〇中学生では、男子に人気の職業が「プロスポーツ選手」「教員」「医師」で、女子は「教員」「看護師」「保育士・幼稚園教員」が上位を占めています。
〇また高校生のランキングでは、男女ともに10年連続で教員が1位だったことに驚きました。中学生でも上位なのはとてもうれしい気持ちですが、一般的に中学生よりも将来の夢が具体的になっている高校生の多くが、教員を選んでいることに期待しています。
〇同調査の2015年と2024年のデータを比較すると、子どもたちの職業観に変化が見られるそうです。例えば、小学生では「YouTuber・VTuber」がランク外から4位に急上昇し、高校生では「SE・プログラマー」が13位から6位に上昇しました。一昔前には存在しなかった職業です。

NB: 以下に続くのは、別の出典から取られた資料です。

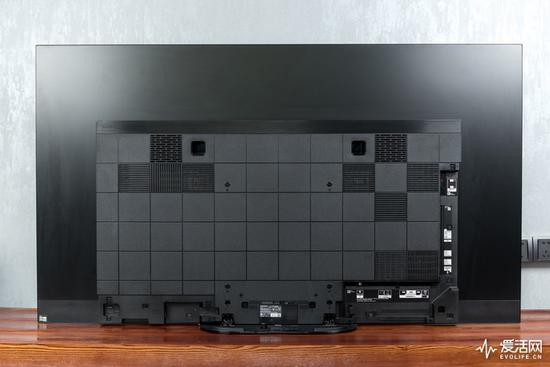 拆下活动面板后的A9G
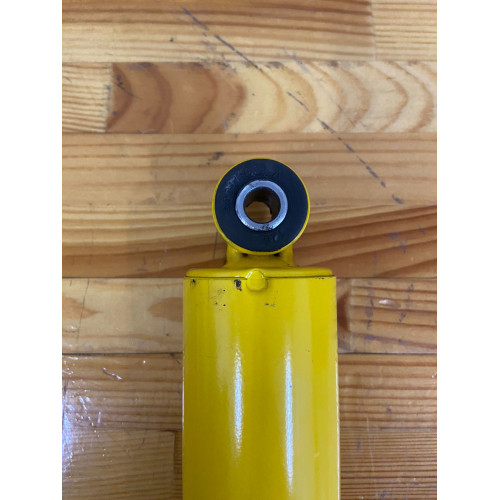 Амортизатор усиленный РИФ задний Нива 21214 лифт 50 мм (уценка)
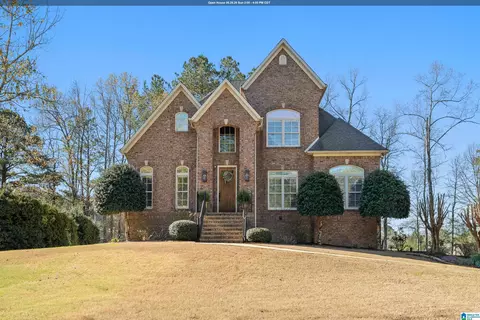 6315 Hunters Creek Dr, Trussville, AL 35173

〇同教育総合研究所の主席研究員は、教員が人気の理由として、「子どもにとって最も身近な職業であることのほか、学年が上がるにつれて、夢を追う職業から資格を要する現実的な職業への志向が強まる点が大きい」と指摘しています。
〇本校でも卒業生を中心に、大学での教職課程を履修する単位として必要な「教育実習」を受け入れています。3~4週間程度、学校現場の様子を直接体験することができるので、教員を目指している学生にとっては貴重な機会です。
〇私も40年前に小学校と中学校で別々に教育実習を経験しました。ただ母校ではなく、中学校は大学の付属中学校で、小学校は大学があった千葉市立の小学校でした。もともとの志望は中学校でしたので、小学校はあえて希望したのですが、若い時に小学校でも実習できたことが、中学校教員になってからもとても有意義でした。
〇教員の職務は、人間の心身の発達にかかわっており、その活動は、子どもたちの人格形成に大きな影響を与えるものです。「教育は人なり」といわれるように、学校教育の未来は教員の資質能力に負うところが極めて大きいです。
〇このような重要な職責を遂行するため、大多数の教員は、教員としての使命感や誇り、教育的愛情等を持って教育活動に当たり、研究と修養に努めています。子どもに教えるには、知識や技術の意義や背景などを学び続け、まず教員自身が「情熱」「専門的力量」「人間力」を持つことが重要です。
〇その上で、単なる知識伝達に留まらず、学習指導力、児童・生徒指導力、教材解釈力などを駆使し、子どもの「主体性」「創造性」「感性」を育む教育を日頃から実践していく必要があります。
〇つまり教える知識や技術が「なぜ」「どのような目的で」必要とされているのか、その背景や意義を分かりやすく伝え、子どもが自ら課題を発見し解決する力を養うことが不可欠です。
〇現在の教員の年齢構成を見ると、50歳代の層と20歳代の層が多く、すこし歪な構成になっています。今後順次、50/60歳の世代が退職期を迎えることから、量及び質の両面から、優れた教員を養成・確保することが極めて重要な課題となっています。
〇今年の3年生にも面接の際に、「将来の夢は何ですか?」と尋ねたところ、教育関係(教員、保育士、心理士など)を志望している生徒が相当数いました。思わず私から「応援しているから頑張って!」と励ましました。
〇前述の会社と大学が連携したプロジェクトでは、子どもがなりたい職業を早期に決めることよりも、自分で自分の多様な可能性に目を向けることの大切さを強調しています。我々大人に求められるのは、子どもの選択肢を広げ、相談に対してともに悩んで、応援する姿勢であるということです。
〇私の経験から教員になりたいと思った人の多くは、「教えることや子どもが好き」という理由が最も多く、次いで「尊敬する教員に出会ったこと」や「部活動の指導をしたいこと」などが挙げられます。
〇特に「子どもが好き」の詳細は、「子どもの成長をサポートしたい」「子どもたちの成長に携わりたい」というもので、子どもに寄り添うことで、その成長を見守りたいという気持ちがあります。
〇また「教えることが楽しい」「教えることが好きだから」ことについては、教えた子どもが「わかった」「できた」と変化していく姿に喜びを感じるという思いがあります。
〇ただ今の教員は昔の教員とは少し役割が変化しています。一昔前は、教員は「教える・見せることが主な仕事で、それはティーチャー・パフォーマーとして、生徒と互いに向き合う関係」でした。それが今は、「支える・促すことに重きをおき、それはサポーター・ファシリテーターとして、生徒と同じ方向を見る関係」となっています。
〇極端にいえば、授業の主役が昔は教員だったのが、今は生徒となり、彼らが学びやすい授業を模索することで、一人ひとりが想像・創造する力を育んでいきます。
〇柏市の小中学校では今、1.500人が教員として働いています。今の中学生が教員となる7~9年後は、私は教員を辞していますが、「なりたい職業」の1番となっている今のうちに、マスコミ等で働く時間の長さを「ブラック」と揶揄されている職場環境を少しでも良い方向にしたいと思っています。